[dev-context] sortedkeys and compare in LMTX l-table.lua

Sebastian Miele sebastian.miele at gmail.com
Tue Jan 28 01:10:35 CET 2020

Hans Hagen <j.hagen at xs4all.nl> writes:

> On 1/26/2020 1:17 AM, Sebastian Miele wrote:
> > On table.sortedkeys the page
> > https://www.contextgarden.net/Table_manipulation says: "Returns a sorted
> > array of all the keys in table t. The comparer used for sorting will
> > treat everything as a string iff the compared values are of mixed type."
> >
> > According to l-table.lua, sortedkeys first checks whether the keys in
> > the given table are (1) all strings, (2) all numbers, or (3): neither
> > (1) or (2). In cases (1) and (2) table.sort is used with the default
> > comparer (Lua's '<'). In case (3) table.sort is used with a custom
> > compare function named 'compare' and defined in l-table.lua.
> >
> > According to the sentence from the garden cited above, 'compare' should
> > return (something equivalent) to tostring(a) < tostring(b). However, it
> > does something more complex that, e.g., makes 10 < "2" < 3 < 10 ('<'
> > meaning infix 'compare' here). I.e. there are strict circles in the
> > strict order.
> >
> > https://www.contextgarden.net/Table_manipulation goes on explaining
> > that, "In general this means that you will be fine as long as you avoid
> > stuffing indices along with number hashes together in t, lest the order
> > will end up confused depending on what type an element is compared with
> > in what order (cf. example [2])."
> >
> > This reflects the way 'compare' actually is at the moment. But it
> > contradicts the previous sentence "The comparer used for sorting will
> > treat everything as a string iff the compared values are of mixed type."
> > If everything is treated as a string when neither (1) nor (2), then
> > everything is well-defined and there is no confusion.
> >
> > Why is 'compare' not just (something equivalent to) tostring(a) <
> > tostring(b), violating the sentence cited above? Are there any
> > meaningful uses of the way 'compare' is now?
> >
> > I suspect that the intent was to create an order that is lexicographic
> > and numeric at the same time. As far as I see it, it just is not
> > possible the way it was tried: Lexicographically, 11<2. Numerically,
> > 2<11.
> >
> > I see three ways out: (1) Disallow mixed types of keys in tables given
> > to sortedkeys. (2) Always use lexicographic order in the case of mixed
> > key types. (3) Combine the orders by an order-theoretic sum.
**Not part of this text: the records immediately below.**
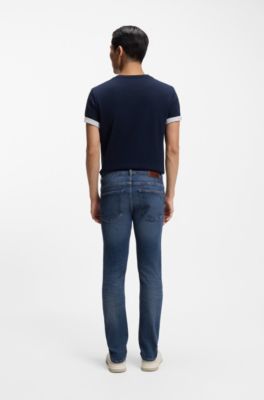 Delaware slim-fit jeans in blue super-stretch denim, Blue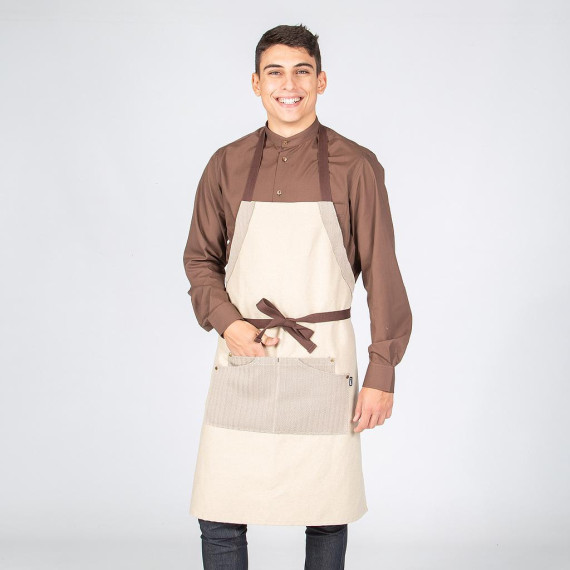 Apron with bib, herringbone pattern, 82X72 cm, 4 contrasting front pockets, GARY'S UNIFORMS.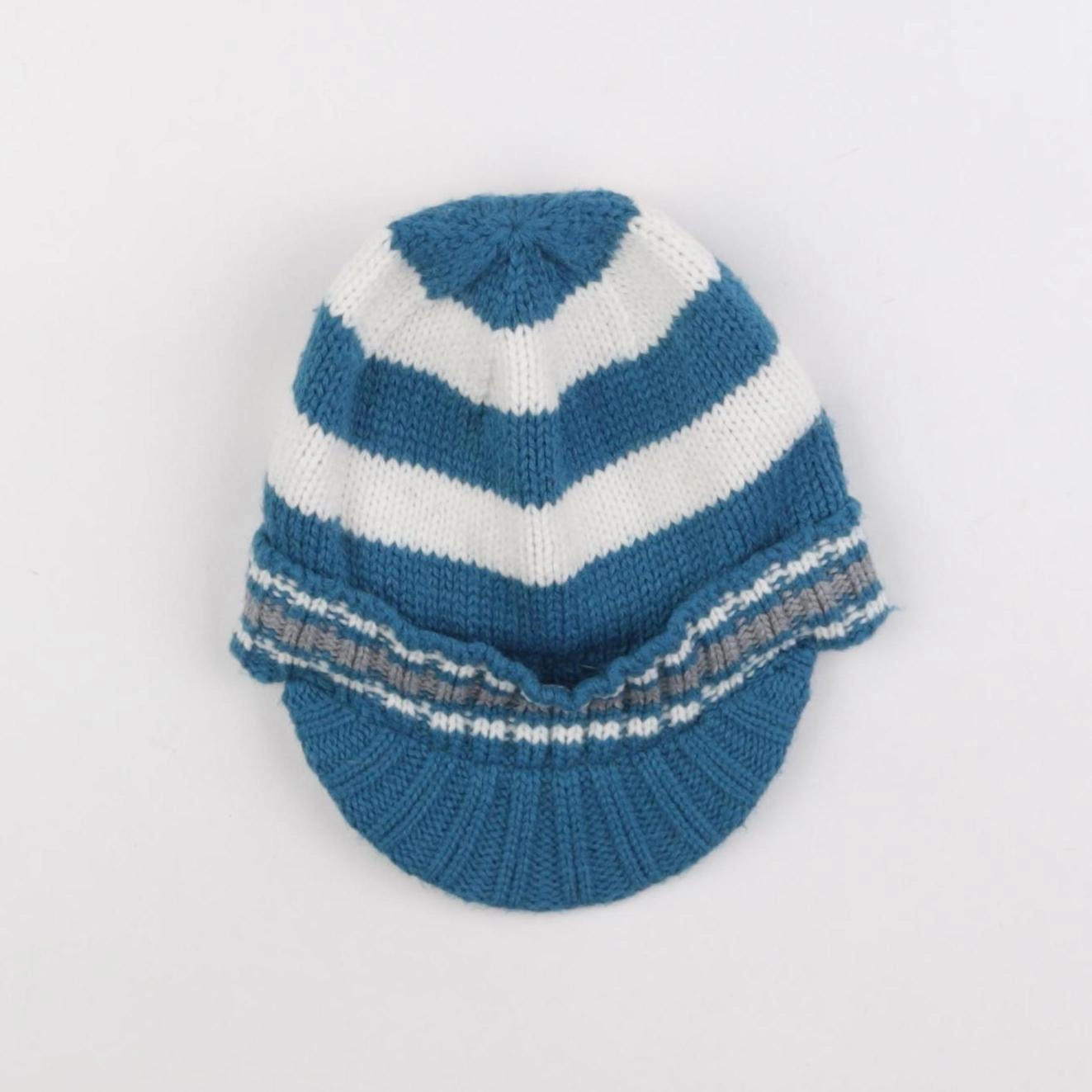 Vertbaudet - bonnet blanc, bleu - 4/5 ans
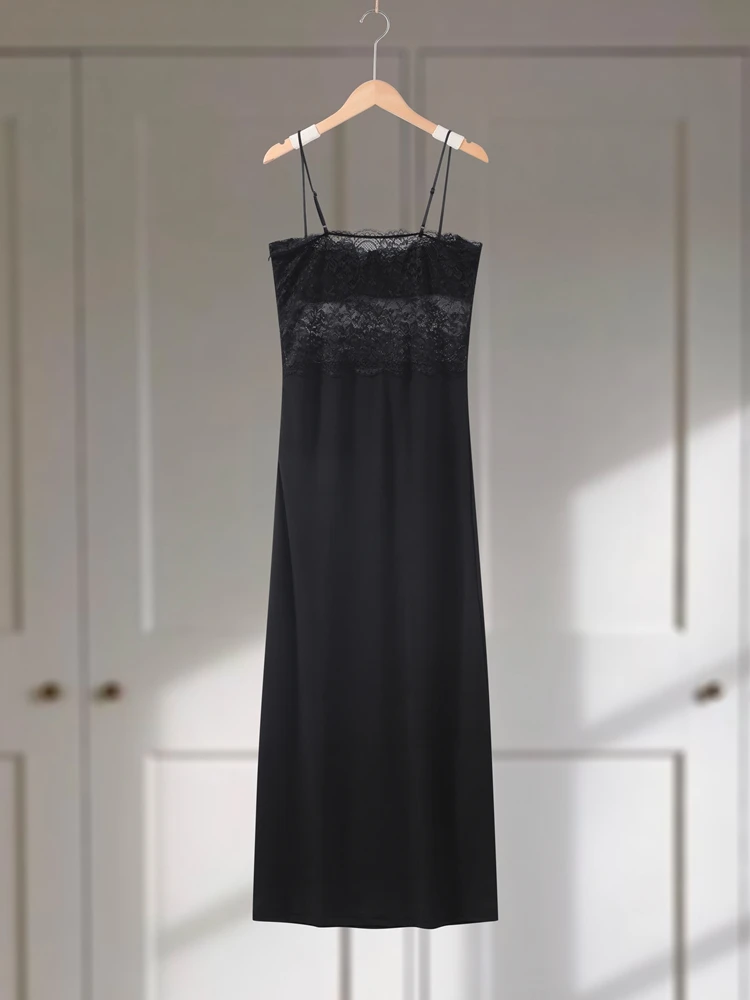 Spitzen-Patchwork Slip-Kleid für Damen, Sexy Ärmelloses Rückenfreies Ausgeschnittenes Bodycon Partykleid, Elegantes Frühlings-Abendkleid – Detail 2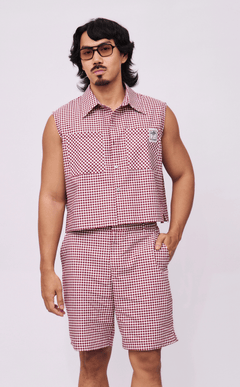 MANU SHORTS - MAROON GINGHAM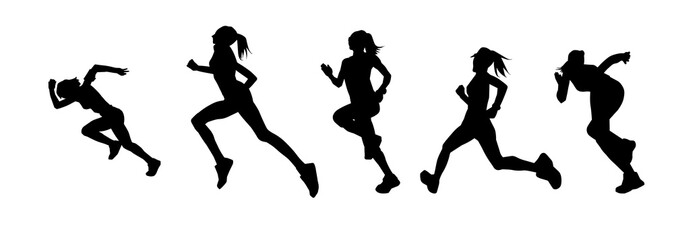 Fototapeta na wymiar Silhouette collection of sporty woman in running pose. Silhouette collection of female run pose.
One
> > possiblity: Every value that is neither a number nor a string is smaller
> > than every number. Every number is smaller than every string. Otherwise
> > elements are compared as they are now. Another possiblity: Define an
> > order over all types, define an order for every type. Then sort by type
> > first, and in type second.
> >
> > (1) may not possible without breaking a lot. (2) has sort of a
> > discontinuity: E.g., add one numeric key to a table with only strings,
> > and the order changes globally. (3) contains well defined, very
> > predictable solutions without discontinuities.
> These sorters are not used when typesetting because there we also deal
> with languages and such.

That's good to know.

> If's mostly a convenience feature that makes sure we can handles
> hashes in a predictable order when needed (because hashes have random
> order, even per run) and it also tries to be efficient in doing so.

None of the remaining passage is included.